Jednak i tym razem skończyło się tylko na obietnicach. Kategoryczne weto planom postawił minister finansów Jacek Rostowski, który nie chciał pozbawiać budżetu wpływów z koncesji.

Nowy program

Trzecim, i jak na razie ostatnim, podejściem jest program „Cyfrowa szkoła”. Zgodnie z nim, od 2014 r. polskie szkoły ma czekać informatyczna rewolucja. Na zakup sprzętu państwo ma wydać ok. 2 mld zł. Program opiera się na założeniu, że jednym z zasadniczych zadań współczesnej szkoły jest przygotowanie uczniów do życia w społeczeństwie informacyjnym, co oznacza, że powinni oni w szkole nabyć umiejętności posługiwania się technologiami informatyczno-komunikacyjnymi w procesie uczenia. Zadanie to ma być realizowane przez nauczycieli, którzy potrafią świadomie i umiejętnie wykorzystywać technologie informacyjno-komunikacyjne w edukacji. Program obejmuje trzy obszary: zakupienie dla szkół sprzętu, m.in. laptopów, rzutników multimedialnych itd.; wykształcenie nauczycieli, którzy będą potrafili przekazywać wiedzę, korzystając z pomocy najnowszych technologii; przygotowanie nieodpłatnych e-podręczników, dostępnych potem na otwartym, publicznym portalu edukacyjnym dla uczniów.

Założono, że szkoły uczestniczące w programie będą mogły wybrać do przetestowania jeden z dwóch wariantów, dotyczących wykorzystania przenośnych komputerów: 1) uczeń z mobilnego komputera korzysta wyłącznie w szkole — na lekcjach i w czasie wolnym od zajęć dydaktycznych; 2) uczeń z mobilnego komputera korzysta w szkole, ale ma także możliwość wypożyczenia go do domu (dotyczy to uczniów klas IV).
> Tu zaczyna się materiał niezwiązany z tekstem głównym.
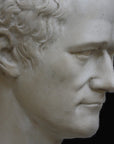 photo closeup with black background of plaster cast bust of Alexander Hamilton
Zanim program na dobre wystartował, już pojawiły się problemy. Okazało się, że na tak ambitny projekt może nie starczyć pieniędzy. Pojawił się pomysł, by to rodzice kupowali dzieciom tablety, a w zamian dostaną za darmo podręczniki w wersji elektronicznej. — Prawdopodobnie w długiej perspektywie tylko taki model będzie mógł zapewnić obecność nowoczesnego sprzętu w systemie edukacji, jeżeli programy rządowe nie będą w stanie nadążyć za rozwojem technologii — uważa minister administracji i cyfryzacji Michał Boni.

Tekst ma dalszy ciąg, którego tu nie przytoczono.